_PROBLEM_:
Give back the full set of entries exactly, keeping each line intact.

_SUPPLIED MATERIAL_:

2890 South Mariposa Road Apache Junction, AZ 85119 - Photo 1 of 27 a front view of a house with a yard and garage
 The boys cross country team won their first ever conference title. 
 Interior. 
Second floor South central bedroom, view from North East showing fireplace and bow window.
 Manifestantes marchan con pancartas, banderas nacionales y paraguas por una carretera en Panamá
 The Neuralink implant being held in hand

_ANSWER BELOW_:
2890 South Mariposa Road Apache Junction, AZ 85119 - Photo 1 of 27 a front view of a house with a yard and garage
 The boys cross country team won their first ever conference title. 
 Interior. 
Second floor South central bedroom, view from North East showing fireplace and bow window.
 Manifestantes marchan con pancartas, banderas nacionales y paraguas por una carretera en Panamá
 The Neuralink implant being held in hand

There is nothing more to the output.